As soon as I got to Itzel’s place, just by getting in the apartment I was able to feel the Presence. At the opening ceremony we chanted the Moola Mantra 108 times and afterwards the 108 names of Sri Amma. From that moment on, I was able to feel something, a headache from the mid-center area to the front started; not realizing it was the presence of this Divine Energy.
Later, when we started the Chambers’ process I felt that my mind was totally knock-out; my mind wasn’t able to put into words the senses I was feeling; so I let myself go with the process. During the contemplation of the 1stChamber I was really not able to see all the 8 points in a row. But while I was waiting my turn to get in, I started realizing my fears, my hurts, my insecurities. At the beginning it was easier to me being able to identify what other people has done to me; and little by little I was able to see what I have done to others. I realized that one of my biggest fears was to be in touch with God, to be in the Divine Presence. One of my insecurities relies on the fact of being accepted as part of the phenomenon. There was even a moment that I thought on not getting in the chambers. But my turn came in, my mind didn’t want it and my body had a little resistance. When I got in, I showed the Divine all those fears, insecurities and hatred as well as my non-acceptance as of who I am. When the Divine told me to take deeksha from the padukas I surrender. Sometimes I wasn’t even able to look in to the eyes of Sri Kalki Bhagavan; my fear was shown through crying, I wasn’t able to stop. In that 1st Chamber I was able to see and feel that fear; fear of not being accepted by God as I am. I kindly asked the Divine to heal my body, mind and spirit and to prepare myself.

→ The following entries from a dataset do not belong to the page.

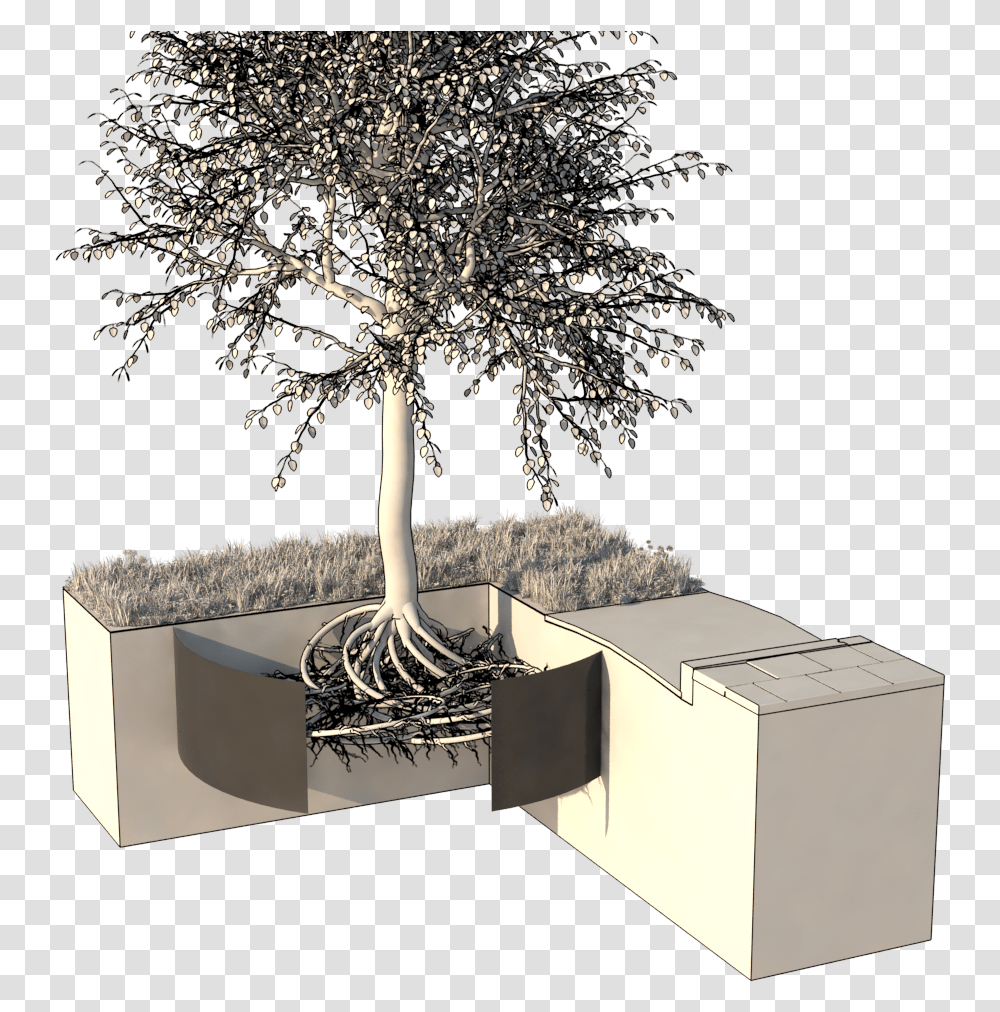 Tree Roots Architecture, Plant, Sink Faucet, Conifer, Bonsai Transparent Png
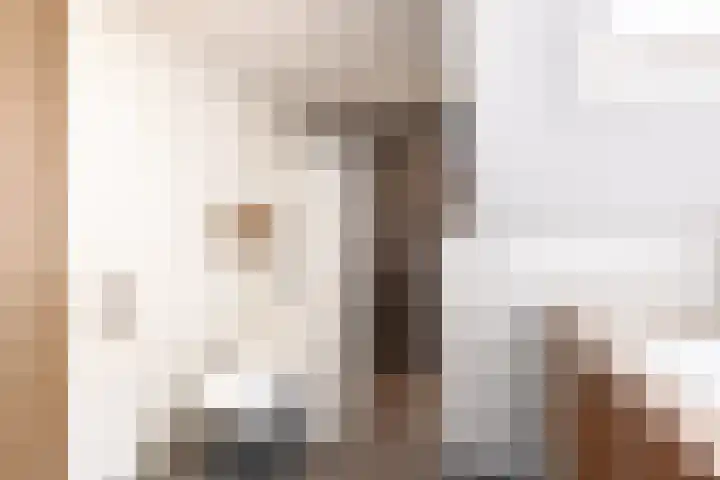 Buren 27 Makkum thumbnail 32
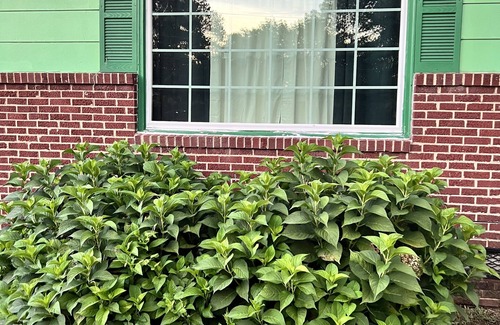 Cordova Casa | Simple Country Living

My turn came to go to the 2nd Chamber. Suddenly, my perception of fear changed into acceptance, joy and love. At that chamber I realized that the Divine has never left me aside. I was able to view as a flashlight the past events where the Divine has been with me; so I was more than grateful for that Sri Amma started laughing with me and Sri Bhagavan just did a slight eye movement. The energy felt in this chamber is of comfort and joy; I felt the Divine Father and Mother energy taking care of me. I was able to feel their love and blessings. When I got out of the last chamber my body was shaking and I was very cold, though my hands were very hot.
I’m so happy because, in a couple of weeks I’ll be travelling to India, for the deepening process and for Sri Bhagavan’s birthday! I’m so happy that I am able to go hand in hand with my Divine who is taking care of me to celebrate this auspicios moment and I’m certain that this small bit of process will grow inmensily!
Thank you God for your Presence in this Era, for our awakening and for being able to go beyond countries and reaching my country. Mexico and all the mexicans need to feel your presence. This beginning is something big, I wonder how it will be as soon as we have more Oneness Shrine Centers throughout the country. It will be amazing!